Post-interval the real business of the evening commences, a warning on the screen above the stage promising adult content of an 18 certificate nature. Over 15 years and through six films Tindersticks have collaborated with the French director Claire Denis, a partnership celebrated in a luxurious, reassuringly expensive box set earlier this year and now in this UK tour. Rearranged into something like a concert suite, with Staples’ mumbled thanks indicating where he feels it appropriate to clap, the band play highlights of their soundtrack work accompanied by the appropriate languid, painterly images from Denis’ films. The diegetic sound from the original films is preserved, so we hear the dialogue and sound effects, with just (just!) the original score replaced by the living, breathing band themselves. It’s a fascinating approach, and all too easy to become swept up in what’s happening on the screen to the detriment of appreciating the music. It seems like a supremely egoless act for a band, who are effectively relegating themselves to a sideshow at their own concert.

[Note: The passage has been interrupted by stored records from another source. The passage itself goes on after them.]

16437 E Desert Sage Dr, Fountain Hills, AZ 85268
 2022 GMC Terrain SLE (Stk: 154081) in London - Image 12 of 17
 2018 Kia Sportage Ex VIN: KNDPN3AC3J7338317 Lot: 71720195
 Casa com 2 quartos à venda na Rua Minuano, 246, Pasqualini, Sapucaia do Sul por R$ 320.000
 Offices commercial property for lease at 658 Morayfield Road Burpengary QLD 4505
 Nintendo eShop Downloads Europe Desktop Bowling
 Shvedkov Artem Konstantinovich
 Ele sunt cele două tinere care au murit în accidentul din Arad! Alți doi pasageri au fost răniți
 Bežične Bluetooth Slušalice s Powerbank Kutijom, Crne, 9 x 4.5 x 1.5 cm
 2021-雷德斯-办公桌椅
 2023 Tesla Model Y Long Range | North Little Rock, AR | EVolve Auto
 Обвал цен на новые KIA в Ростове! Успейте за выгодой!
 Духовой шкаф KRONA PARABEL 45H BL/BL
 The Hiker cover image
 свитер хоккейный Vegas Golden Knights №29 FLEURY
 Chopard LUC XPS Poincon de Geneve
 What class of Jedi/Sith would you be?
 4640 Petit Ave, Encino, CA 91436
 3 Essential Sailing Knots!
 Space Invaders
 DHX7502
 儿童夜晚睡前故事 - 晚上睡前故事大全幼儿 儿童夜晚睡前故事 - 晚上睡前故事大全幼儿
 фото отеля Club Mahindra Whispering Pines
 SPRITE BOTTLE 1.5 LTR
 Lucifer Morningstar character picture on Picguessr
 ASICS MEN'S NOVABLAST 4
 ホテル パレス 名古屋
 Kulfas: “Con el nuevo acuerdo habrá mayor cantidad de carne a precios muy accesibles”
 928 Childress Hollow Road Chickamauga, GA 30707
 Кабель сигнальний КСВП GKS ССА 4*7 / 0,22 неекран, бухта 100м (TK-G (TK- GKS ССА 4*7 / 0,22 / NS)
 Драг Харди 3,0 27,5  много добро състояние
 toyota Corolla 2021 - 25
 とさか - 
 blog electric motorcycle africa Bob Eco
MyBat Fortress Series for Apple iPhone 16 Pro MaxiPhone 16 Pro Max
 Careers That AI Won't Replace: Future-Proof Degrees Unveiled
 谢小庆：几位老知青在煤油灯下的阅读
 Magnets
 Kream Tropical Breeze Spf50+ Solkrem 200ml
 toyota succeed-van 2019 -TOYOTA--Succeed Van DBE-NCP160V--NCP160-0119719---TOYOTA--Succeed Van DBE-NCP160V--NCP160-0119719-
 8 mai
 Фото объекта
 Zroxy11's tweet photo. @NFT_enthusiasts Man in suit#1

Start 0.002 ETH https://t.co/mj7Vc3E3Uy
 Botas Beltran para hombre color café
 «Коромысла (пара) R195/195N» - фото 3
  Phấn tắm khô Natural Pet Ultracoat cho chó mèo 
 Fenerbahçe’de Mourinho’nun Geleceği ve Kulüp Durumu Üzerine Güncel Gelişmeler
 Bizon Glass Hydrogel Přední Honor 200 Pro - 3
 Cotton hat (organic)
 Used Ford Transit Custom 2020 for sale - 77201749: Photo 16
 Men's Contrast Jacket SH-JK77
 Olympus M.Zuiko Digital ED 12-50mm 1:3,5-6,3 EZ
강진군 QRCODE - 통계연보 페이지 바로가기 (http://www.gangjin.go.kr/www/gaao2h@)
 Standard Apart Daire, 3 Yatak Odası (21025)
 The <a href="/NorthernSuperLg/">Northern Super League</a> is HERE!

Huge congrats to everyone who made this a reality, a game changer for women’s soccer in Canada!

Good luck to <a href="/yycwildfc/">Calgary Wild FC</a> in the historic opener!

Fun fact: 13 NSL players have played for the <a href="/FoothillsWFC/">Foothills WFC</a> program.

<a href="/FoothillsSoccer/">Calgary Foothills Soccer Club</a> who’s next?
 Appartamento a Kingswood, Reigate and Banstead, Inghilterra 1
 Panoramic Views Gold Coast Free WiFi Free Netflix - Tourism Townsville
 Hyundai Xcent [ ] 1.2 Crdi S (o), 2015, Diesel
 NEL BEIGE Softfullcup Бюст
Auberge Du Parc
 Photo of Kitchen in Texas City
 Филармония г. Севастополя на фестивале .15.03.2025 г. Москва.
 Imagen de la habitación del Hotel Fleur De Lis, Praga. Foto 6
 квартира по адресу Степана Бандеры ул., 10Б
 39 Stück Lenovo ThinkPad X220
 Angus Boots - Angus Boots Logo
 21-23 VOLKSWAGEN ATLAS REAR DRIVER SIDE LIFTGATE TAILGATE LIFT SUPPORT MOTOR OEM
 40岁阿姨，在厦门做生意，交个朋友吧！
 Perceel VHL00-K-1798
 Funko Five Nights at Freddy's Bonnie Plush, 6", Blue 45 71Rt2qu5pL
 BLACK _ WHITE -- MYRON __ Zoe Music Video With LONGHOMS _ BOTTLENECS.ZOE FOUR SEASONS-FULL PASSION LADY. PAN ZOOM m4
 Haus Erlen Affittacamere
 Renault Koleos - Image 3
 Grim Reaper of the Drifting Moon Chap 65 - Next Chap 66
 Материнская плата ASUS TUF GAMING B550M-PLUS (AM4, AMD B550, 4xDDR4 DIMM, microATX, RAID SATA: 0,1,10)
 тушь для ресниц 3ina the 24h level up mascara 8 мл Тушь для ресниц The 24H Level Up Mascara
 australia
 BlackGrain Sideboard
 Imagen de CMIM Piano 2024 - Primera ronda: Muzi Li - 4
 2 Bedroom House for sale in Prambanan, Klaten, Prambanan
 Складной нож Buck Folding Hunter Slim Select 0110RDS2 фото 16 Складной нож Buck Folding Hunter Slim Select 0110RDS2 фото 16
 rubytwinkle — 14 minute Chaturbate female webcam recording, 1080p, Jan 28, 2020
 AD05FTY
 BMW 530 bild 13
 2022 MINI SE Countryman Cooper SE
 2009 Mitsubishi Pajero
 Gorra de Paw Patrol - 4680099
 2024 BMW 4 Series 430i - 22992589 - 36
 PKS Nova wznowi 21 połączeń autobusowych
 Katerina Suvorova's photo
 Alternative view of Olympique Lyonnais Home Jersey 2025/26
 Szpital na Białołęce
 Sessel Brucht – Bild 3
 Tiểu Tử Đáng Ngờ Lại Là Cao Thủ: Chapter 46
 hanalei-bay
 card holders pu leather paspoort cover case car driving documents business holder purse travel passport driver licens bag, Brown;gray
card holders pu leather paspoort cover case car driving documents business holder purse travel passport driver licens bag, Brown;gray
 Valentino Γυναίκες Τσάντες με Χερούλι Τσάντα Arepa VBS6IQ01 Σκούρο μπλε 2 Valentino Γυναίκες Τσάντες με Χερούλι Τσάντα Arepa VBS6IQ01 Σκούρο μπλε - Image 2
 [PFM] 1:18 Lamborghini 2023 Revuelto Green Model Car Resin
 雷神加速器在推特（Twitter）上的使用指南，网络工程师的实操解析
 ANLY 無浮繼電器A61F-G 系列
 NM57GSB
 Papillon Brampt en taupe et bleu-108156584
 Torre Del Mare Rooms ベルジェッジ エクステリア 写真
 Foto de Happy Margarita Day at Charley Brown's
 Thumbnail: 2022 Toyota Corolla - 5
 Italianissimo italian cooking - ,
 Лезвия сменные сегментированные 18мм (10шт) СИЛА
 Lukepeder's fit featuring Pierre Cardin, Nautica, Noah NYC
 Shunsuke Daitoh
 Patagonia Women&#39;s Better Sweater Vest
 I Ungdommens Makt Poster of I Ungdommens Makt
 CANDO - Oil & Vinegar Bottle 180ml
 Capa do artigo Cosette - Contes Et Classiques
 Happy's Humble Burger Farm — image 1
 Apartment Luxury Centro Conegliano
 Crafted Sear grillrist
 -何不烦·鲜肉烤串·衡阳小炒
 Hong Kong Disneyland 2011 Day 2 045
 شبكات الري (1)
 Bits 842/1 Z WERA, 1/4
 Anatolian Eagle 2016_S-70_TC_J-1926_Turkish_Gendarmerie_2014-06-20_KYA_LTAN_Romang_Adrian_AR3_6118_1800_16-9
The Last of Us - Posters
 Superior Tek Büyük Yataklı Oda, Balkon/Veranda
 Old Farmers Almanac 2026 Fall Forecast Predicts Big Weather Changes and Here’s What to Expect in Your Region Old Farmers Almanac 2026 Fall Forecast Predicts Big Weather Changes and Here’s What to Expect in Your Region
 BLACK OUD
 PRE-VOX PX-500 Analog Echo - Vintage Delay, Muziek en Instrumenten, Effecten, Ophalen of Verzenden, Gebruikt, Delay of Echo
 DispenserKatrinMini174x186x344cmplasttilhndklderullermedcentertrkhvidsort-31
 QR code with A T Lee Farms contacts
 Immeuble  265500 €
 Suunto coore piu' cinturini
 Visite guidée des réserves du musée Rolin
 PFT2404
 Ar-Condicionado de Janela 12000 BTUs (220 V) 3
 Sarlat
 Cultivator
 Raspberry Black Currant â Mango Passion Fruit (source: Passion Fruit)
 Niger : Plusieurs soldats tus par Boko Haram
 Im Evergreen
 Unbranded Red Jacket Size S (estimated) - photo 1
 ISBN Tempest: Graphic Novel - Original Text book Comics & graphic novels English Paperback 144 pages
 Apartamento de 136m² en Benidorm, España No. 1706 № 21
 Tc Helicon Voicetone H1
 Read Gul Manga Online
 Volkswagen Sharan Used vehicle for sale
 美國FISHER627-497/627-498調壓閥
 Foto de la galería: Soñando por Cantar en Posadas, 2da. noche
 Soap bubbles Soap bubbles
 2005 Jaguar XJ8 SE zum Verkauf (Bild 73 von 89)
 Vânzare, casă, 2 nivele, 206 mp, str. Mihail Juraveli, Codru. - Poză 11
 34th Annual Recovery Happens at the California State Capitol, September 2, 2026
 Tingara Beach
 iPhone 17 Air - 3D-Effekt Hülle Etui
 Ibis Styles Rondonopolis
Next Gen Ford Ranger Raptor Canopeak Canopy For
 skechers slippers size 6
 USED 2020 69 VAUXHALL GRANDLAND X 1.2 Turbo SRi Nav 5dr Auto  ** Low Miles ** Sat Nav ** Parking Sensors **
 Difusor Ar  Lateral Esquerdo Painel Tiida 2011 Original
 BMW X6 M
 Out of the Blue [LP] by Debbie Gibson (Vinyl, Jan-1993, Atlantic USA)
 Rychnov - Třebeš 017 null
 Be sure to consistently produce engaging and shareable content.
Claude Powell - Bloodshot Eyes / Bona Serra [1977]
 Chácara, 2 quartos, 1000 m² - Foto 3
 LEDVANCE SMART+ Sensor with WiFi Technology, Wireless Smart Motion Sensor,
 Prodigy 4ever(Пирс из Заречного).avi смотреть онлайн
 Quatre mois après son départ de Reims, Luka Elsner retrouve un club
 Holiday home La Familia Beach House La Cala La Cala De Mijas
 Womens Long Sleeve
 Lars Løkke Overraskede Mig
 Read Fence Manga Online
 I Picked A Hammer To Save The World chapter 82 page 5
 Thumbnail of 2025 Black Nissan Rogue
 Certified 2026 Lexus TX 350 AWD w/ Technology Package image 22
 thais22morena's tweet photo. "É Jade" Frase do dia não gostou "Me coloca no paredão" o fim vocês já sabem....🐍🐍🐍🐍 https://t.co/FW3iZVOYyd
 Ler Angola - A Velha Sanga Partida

It’s only during the more recognisable song forms - for example “Tiny Tears” and a mesmeric, quietly pulverising “Trouble Every Day” - that Staples rises from his chair and prowls around the stage, still enveloped in shadow.

 

It must be a measure of the evening’s success that it leaves me longing to hear the band perform a live accompaniment to an entire Denis film, but I suspect the practical problems inherent in doing so would be insurmountable. These aren’t silent films requiring constant accompaniment, so the band would be employed only for only a fraction of the running time. If this reduced, condensed mosaic is as much as we’re going to get, though, it’s more than worth the effort.